Козловский был захвачен у себя на квартире, а с ним несколько его коллег, среди которых попался и Уншлихт[81]. Но для Козловского этого было недостаточно. Я знал, что, кроме квартиры на Сергиевской, он снимает комнату на Знаменской, в квартире нового сенатора Николая Дмитриевича Соколова, по адресу которого и шла почти вся корреспонденция Козловского. Оставить этого без внимания никак не приходилось.
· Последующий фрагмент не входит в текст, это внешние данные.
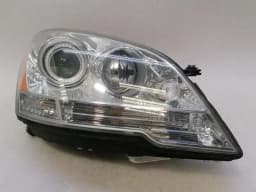 MERCEDES-BENZ Mercedes ML W164 Right Headlight A1648207661 Headlights Re 09-11 FACELIFT USA — thumbnail 1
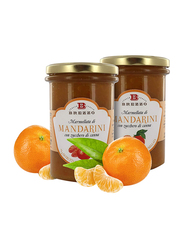 Brezzo - Italian  Mandarin Marmalade Jam with Cane Sugar, 350g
Как только Каропачинский вернулся из Павловска, я сказал ему так:

– Возьмите кого-нибудь из молодых юристов, поезжайте только вдвоем, без какого бы то ни было караула, к Соколову на Знаменскую. Помните, что, несмотря на мой ордер, вас назовут бандой; поэтому держите себя вежливо, но обыщите все до последней нитки.
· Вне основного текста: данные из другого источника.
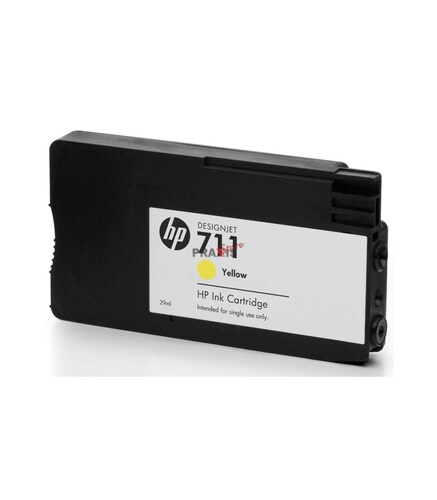 Cartucho de Tinta HP 711  Amarillo  Original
Каропачинский всегда был очень корректен. Не сомневаюсь, что у Соколова он держал себя безупречно, но эта предосторожность не помогла. Она не помешала Соколову вопить на всех перекрестках, что к нему ворвалась банда из Штаба и грозила убить. Товарищи военного министра пришли в недоумение: «Как! Вы обыскали сенатора?» – начали они оба мне деликатно выговаривать в тот же вечер.
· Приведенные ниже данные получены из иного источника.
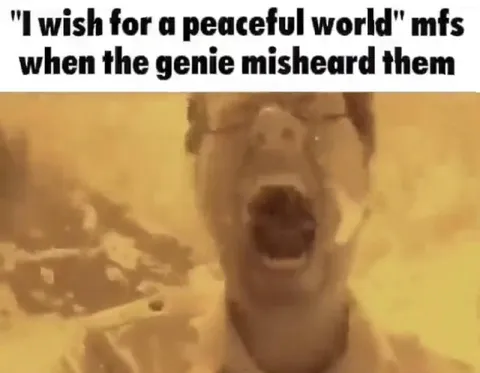 Genie Misheard the Wish
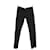 Pantalon taille basse Miu Miu en coton noir  ref.1376767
– Только не пугайте меня, пожалуйста, таким высоким званием, – ответил я им, искренно рассмеявшись, – если бы Козловский получал свою корреспонденцию по адресу вашей канцелярии, мы и к вам приехали бы.

Таким образом, первый «инцидент» был исчерпан.

5 июля министр Переверзев получил отставку. Некоторые министры – Керенский, Терещенко, Некрасов – до последнего времени продолжают настаивать, что Переверзев был уволен за преждевременное предание гласности некоторых сведений об измене большевиков. По словам этих министров, расследование еще не было закончено, а опубликование нескольких фамилий 4 июля будто бы навсегда лишило возможности довести его до конца. По существу этого обвинения я уже высказался[82]. Доказательства измены остались в банковских книгах. Упомянутая в газетах Суменсон подтвердила наши предположения больше, чем мы ожидали.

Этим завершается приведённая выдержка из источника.